Sweet sounds of Evil homecoming

Is there anything quite so sweet as the sudden feeling of normalcy that flowers after the last Yankee has safely-but-thankfully returned to wherever he spends the other 354 days of the year, when the sidewalks and streets have been cleared of vehicular and human congestion and you can breath again, when you remember the reasons you like Newburyport, when the real Yankee Homecoming begins, when we take back the streets and return to happier, simpler, fry-doughless times? Nah, not even the first day of school when we finally get those rotten kids out of the house. It's like when that nasty, old swine flu fever finally breaks.

We celebrated by spending a little quality time with the Evil Gal. Yeah, Michelle Willson was in town for a Sunday Soul session with Curtis Jerome Haynes at Glenn's Galley, one of the longest-running and seriously cool gigs in town. We waited until night fully descended, just to be positive the stake had been driven through Homecoming's heart, drove into town from the Left Bank and found a spot in the municipal lot . Ah, those little joys! The place was packed. In a good way. Warm, close, comfy, not the please-please-please-get-me-outta-here-downtown Homecoming crunch. Willson was a powerhouse. No surprise there. She belted out the good stuff — Ruth Brown, Etta James — in a performance where chilling authority combined with a friendly, engaging spirit. Awesome. She was backed by an all-star line-up that included saxophonist Robert Lyons; Ken Clark Organ Trio guitarist Mike Mele; bassist Randy Bramwell, a longtime member of the Love Dogs currently playing with Commander Cody; drummer Seth Pappas, who keeps time with James Montgomery these days, and, of course, Haynes, the ex-Roll and Tumble and current-Chicken Slacks keyboardist who has been running these Sunday sessions for, yikes, close to fourteen years.

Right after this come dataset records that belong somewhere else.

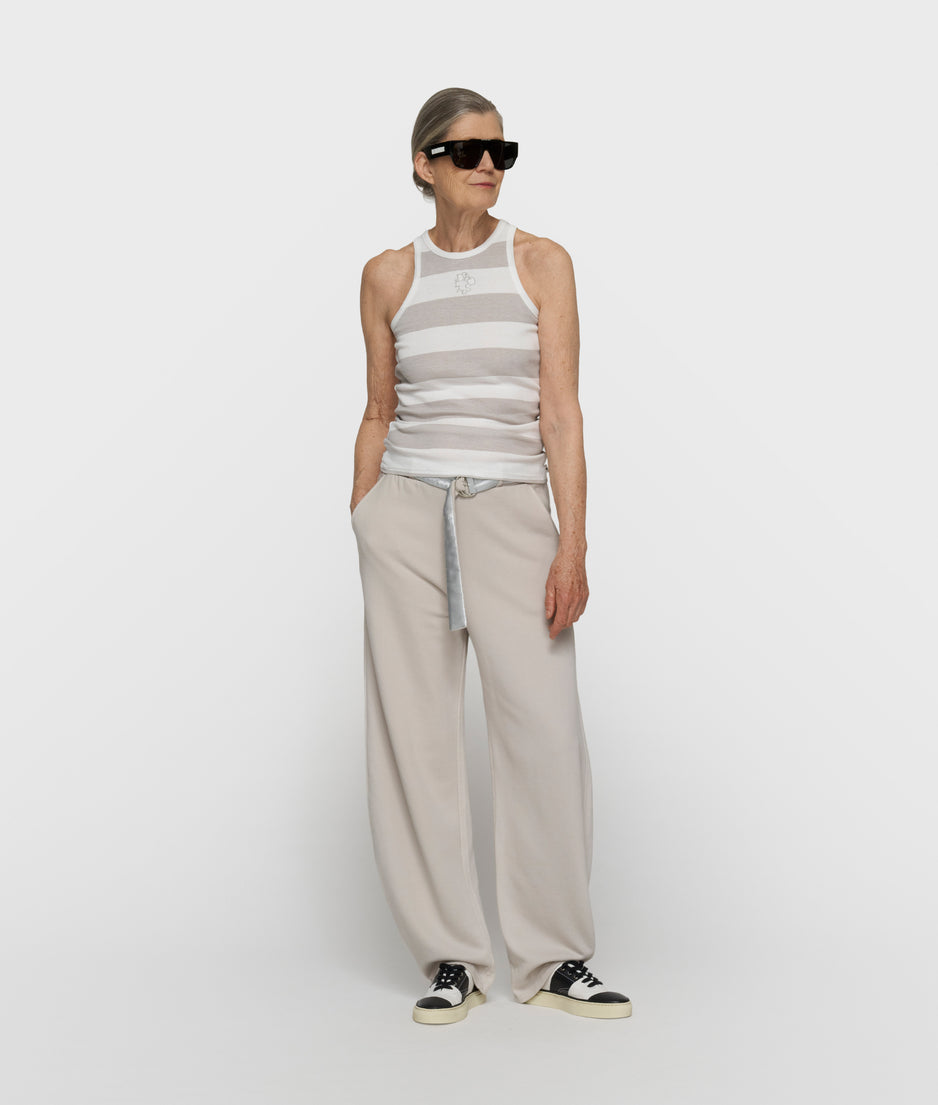 tank top rib stripes | white/stone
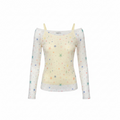 Off-shoulder mesh top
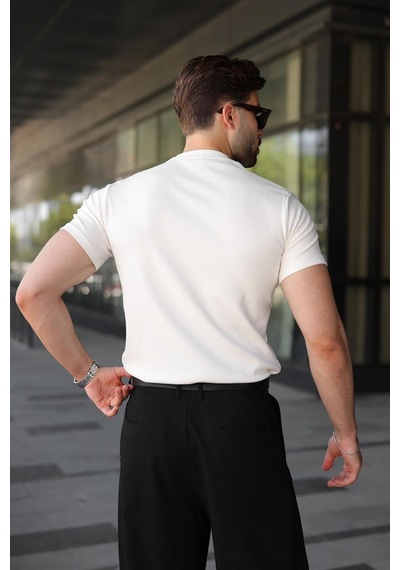 Madmext Ekru Bisiklet Yaka Regular Fit Erkek Tişört E7188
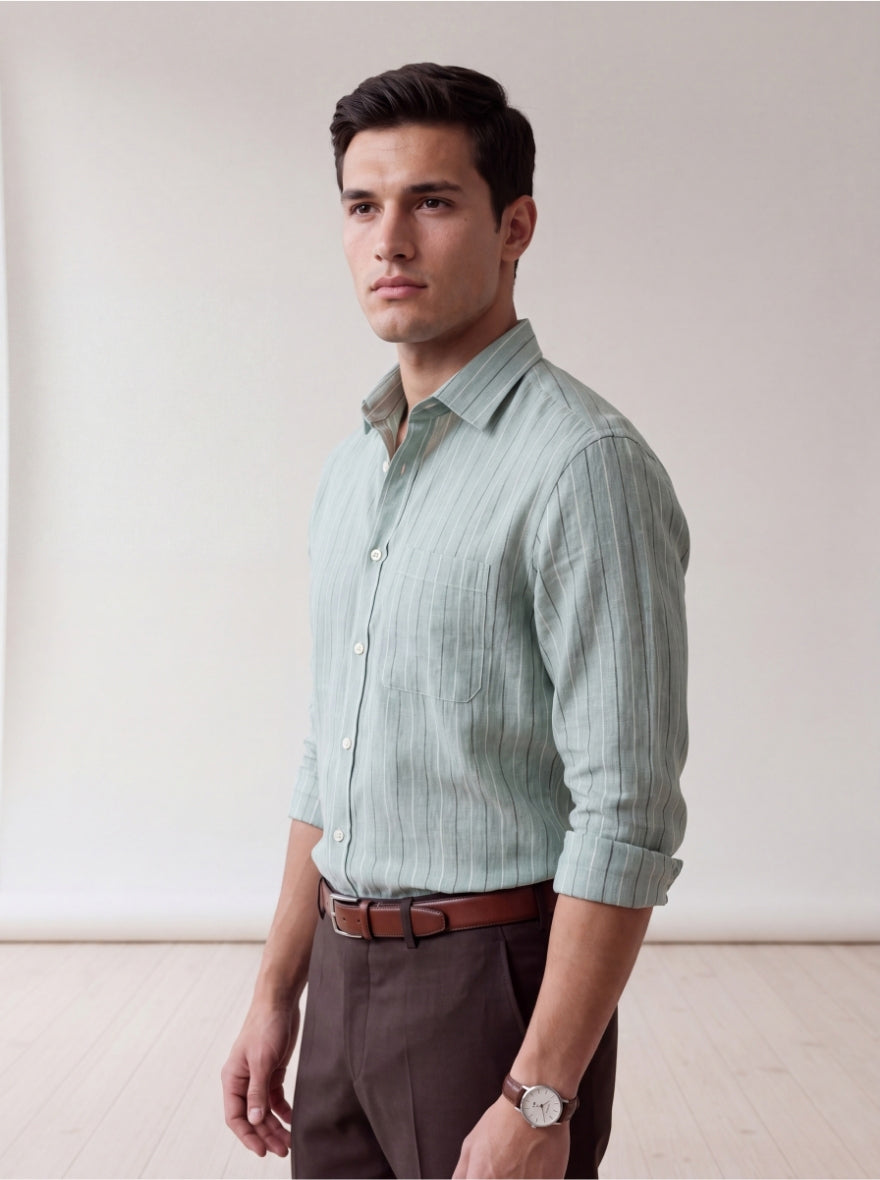 Pista Green Striped Slim Fit Formal Shirt | JadeBlue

But, looking back, it wasn't the music that made the evening so memorable. You know these guys are monsters going into it. You expect they'll tear it up. It wasn't just the spillover joy of post-Homecoming relief. Or even the fact that Glenn’s sells Pilsner Urquell, co je samozrejme nejlepsi pivo v svete, at a reasonable price — only four bucks, are you kidding me? But it was the more than that. There was a palpable feeling of community in the air, an easy-going sense of family. There was no real separation, physical or emotional, between audience and band. We were all just pals hanging out together and it was fun, like the first couple of days at family reunions.

And maybe this, boys and girls, is the true spirit of the much-dreaded festival because, you know, in the Clipper City, they say that the Homecoming Grinch's small heart grew three sizes that night, and, from all indications it appears to be true — until next July rolls around.